Devon is one of England’s largest and most beautiful counties and in this film, the first in a series of four, we will be taking a tour around its eastern region. Presenter Henry Buckton takes you on a tour around some of the traditional industries that have flourished here and examines the important part that canals, railways and tourism have played in developing the area, as well as the ever present influence of the sea.
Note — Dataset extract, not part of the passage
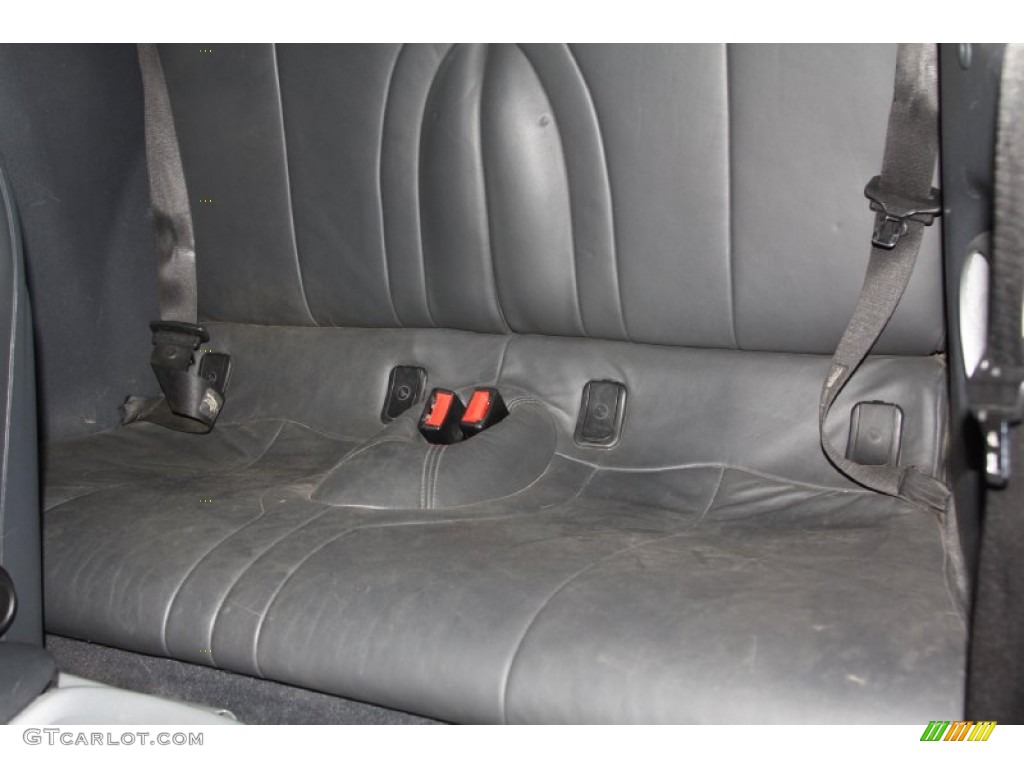 2005 Cooper S Convertible - Chili Red / Black/Panther Black photo #14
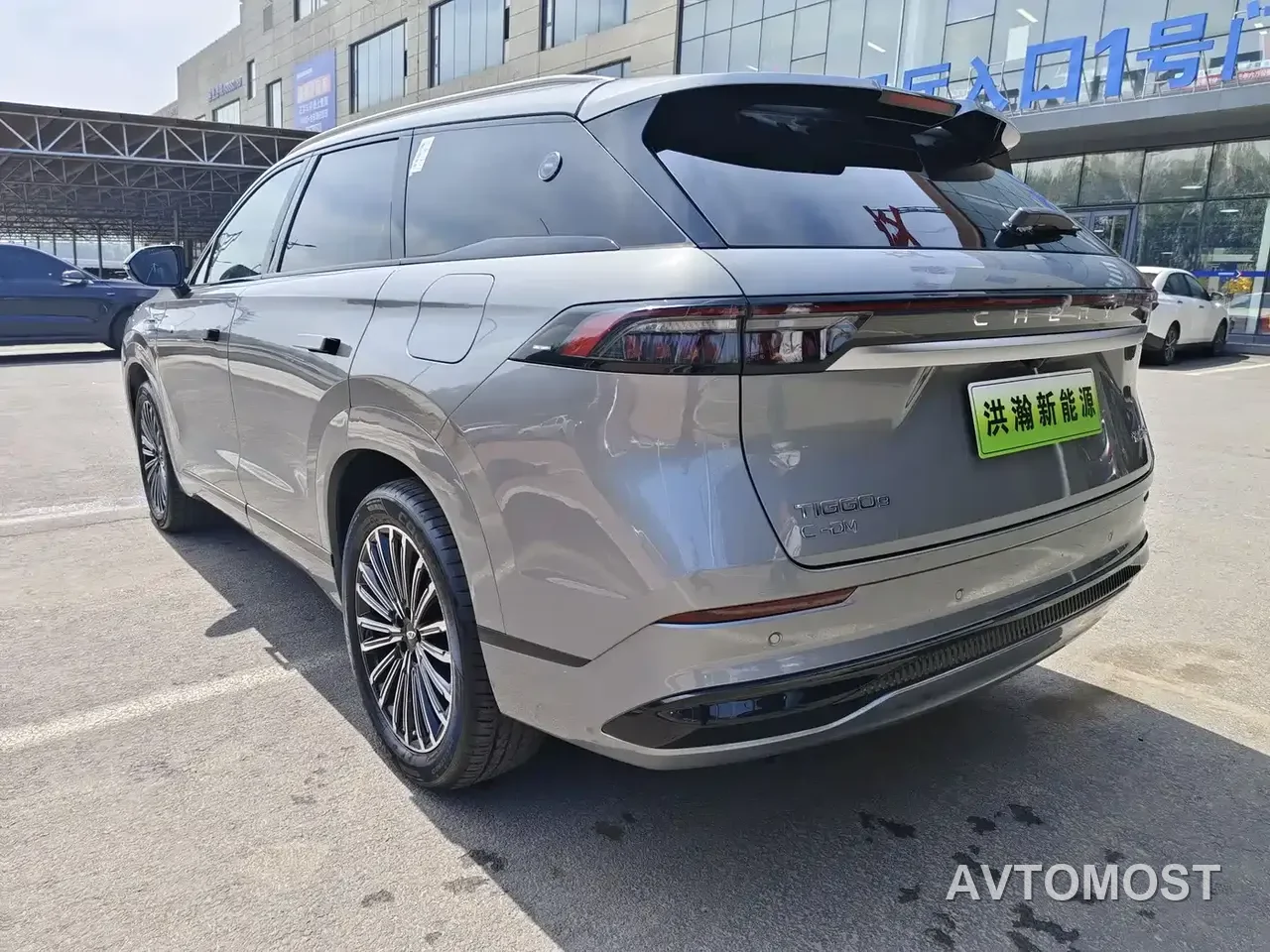 Chery Tiggo 9 C-DM 2025 1.5T 106KM Super Comfort Edition 5-Seater NCM — фото 6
The film begins in the historic town of Tiverton, blessed by the convergence of two rivers, the Exe and the Lowman, which made it an ideal site for occupation from the very earliest of times. A little further south is the beautiful village of Bickleigh, with its stunning mill, and then you will see Wolford Chapel, a little piece of Devon which is owned by the people of Canada. Honiton, nestling in a pretty valley near the River Otter, is famous for its lace-making, and has had royal endorsement since the time of Queen Victoria, while Axminster, site of a medieval abbey, has been renowned for producing carpets of the finest quality for over 200 years. The River Axe was an important trade route from very early times and the attractive harbour at Axmouth was the gateway into an ancient land inhabited by several Iron Age tribes. Across the river is the town of Seaton, now famous for its superb tramway which runs on the track bed of an old railway branch line.
Other highlights include visits to the majestic coastal village of Beer, once a major producer of stone; Ottery St Mary, where the burning of tar barrels still persists on Guy Fawkes night; the picturesque resorts of Sidmouth and Exmouth, which both began life as small fishing villages; the impressive sea stacks at Ladram Bay; genteel Budleigh Salterton; and a feature on Topsham, once one of the busiest ports in England. Our itinerary concludes at Devon’s capital, Exeter, originally a Roman settlement and now a dynamic, bustling city adorned by a wonderful cathedral, one of the most awesome medieval buildings in Europe. Enhanced by beautiful modern film, rare archive images and enlightening interviews with a wide variety of contributors, this historic journey around East Devon is truly unmissable.